Posted by mo...@apache.org.
This is an automated email from the ASF dual-hosted git repository.

morningman pushed a commit to branch branch-1.2-lts
in repository https://gitbox.apache.org/repos/asf/doris.git

commit dc5588641ec2318c0969f03e1cfad91e77679eb8
Author: Jibing-Li <64...@users.noreply.github.com>
AuthorDate: Fri Jan 27 23:52:11 2023 +0800

    [fix](multi catalog)Support parquet and orc upper case column name (#16111)
    
    External hms catalog table column names in doris are all in lower case,
    while iceberg table or spark-sql created hive table may contain upper case column name,
    which will cause empty query result.
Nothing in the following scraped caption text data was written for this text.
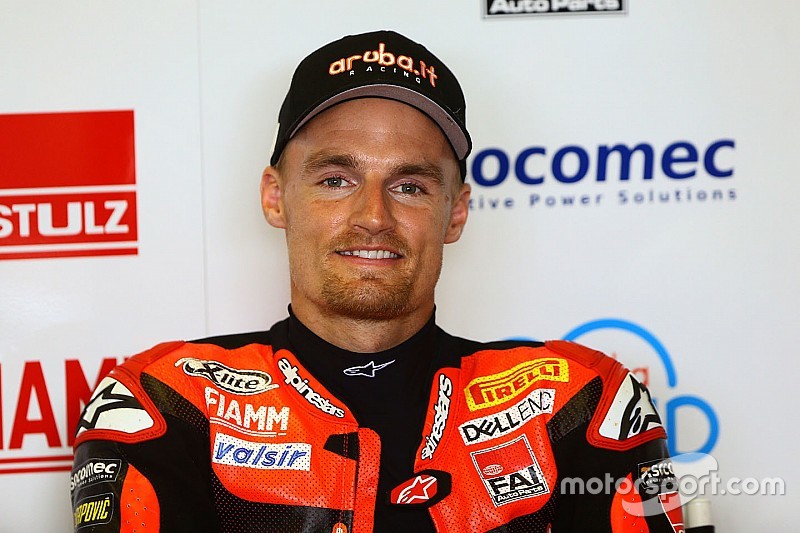 Davies confirmé chez Ducati pour deux saisons supplémentaires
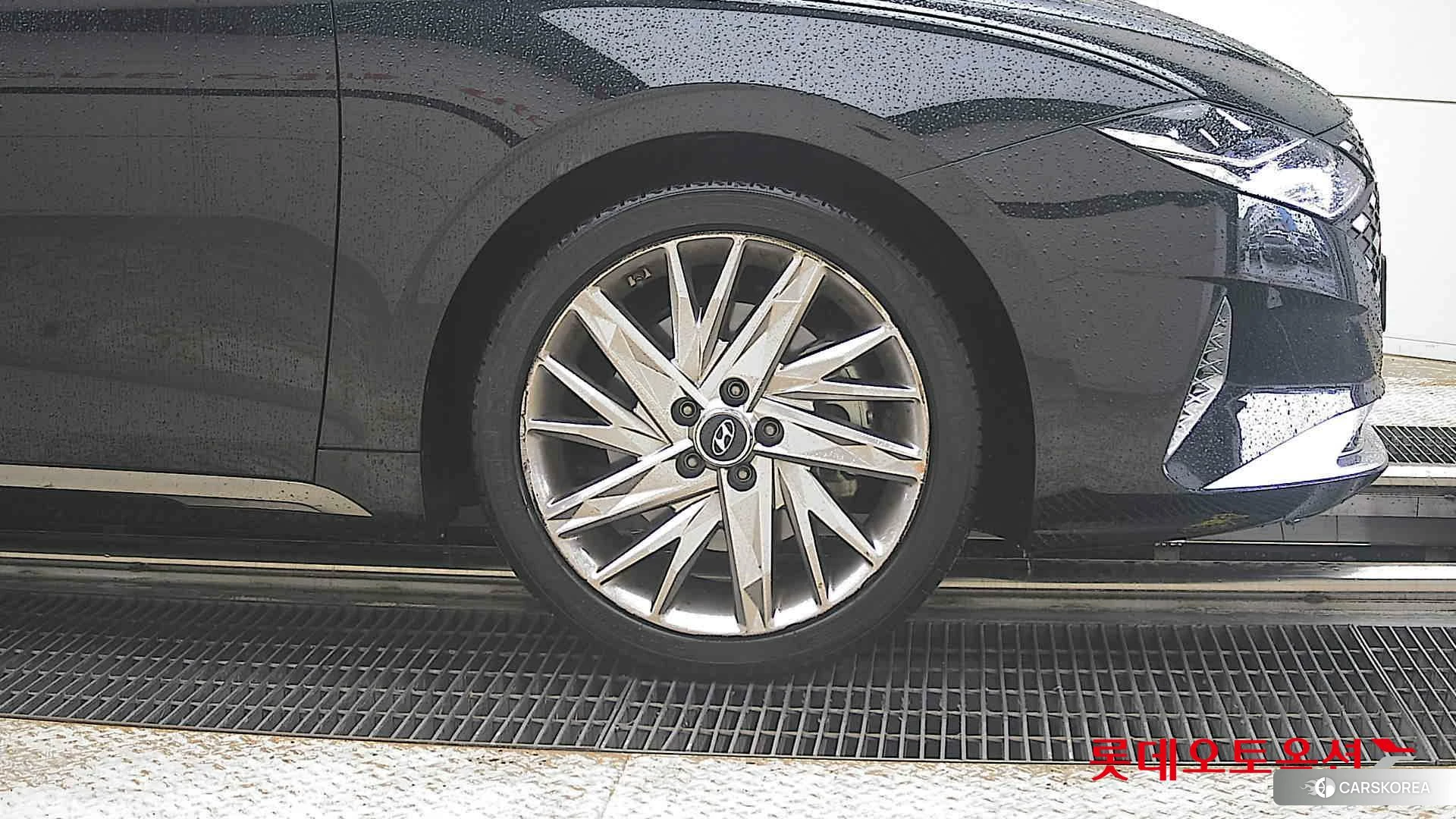Hyundai Grandeur id 4352321 из Кореи 15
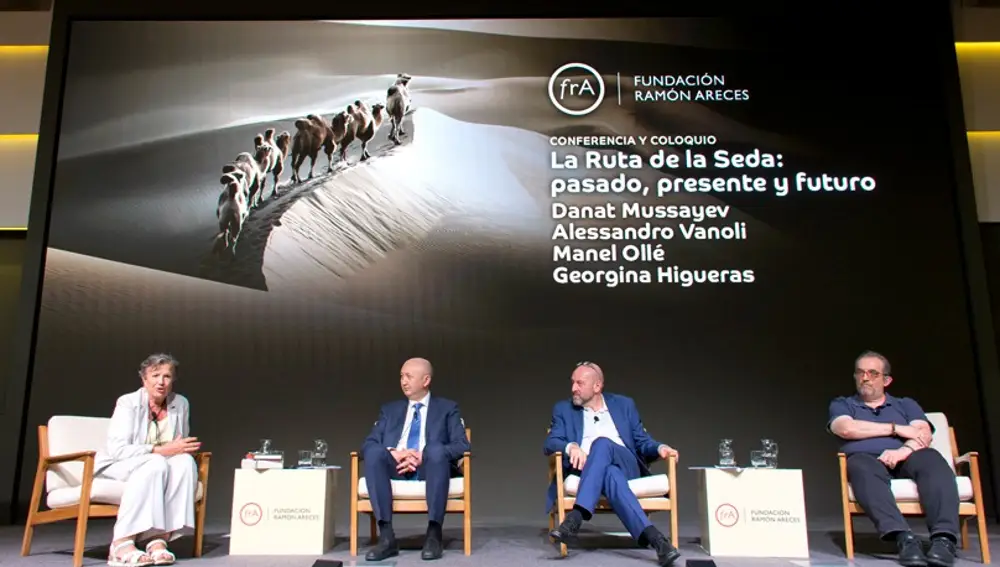 Debate la Fundación Ramón Areces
This pr is to fix this bug.
    1. For parquet file, transfer all column names to lower case while parse parquet metadata.
    2. For orc file, store the origin column names and lower case column names in two vectors, use the suitable names in different cases.
    3. FE side, change the column name back to the origin column name in iceberg while doing convertToIcebergExpr.
---
 be/src/vec/exec/format/orc/vorc_reader.cpp         |  34 ++++---
 be/src/vec/exec/format/orc/vorc_reader.h           |   3 +
 be/src/vec/exec/format/parquet/schema_desc.cpp     |   8 +-
 be/src/vec/exec/format/table/iceberg_reader.cpp    |   4 +-
 be/src/vec/exec/format/table/iceberg_reader.h      |   4 +-
 .../org/apache/doris/catalog/IcebergTable.java     |   5 +
 .../doris/external/iceberg/util/IcebergUtils.java  |  14 +--
 .../org/apache/doris/planner/IcebergScanNode.java  |  27 +-----
 .../planner/external/IcebergScanProvider.java      |   4 +-
 .../hive/test_upper_case_column_name.out           |  89 ++++++++++++++++++
 .../hive/test_upper_case_column_name.groovy        | 103 +++++++++++++++++++++
 11 files changed, 245 insertions(+), 50 deletions(-)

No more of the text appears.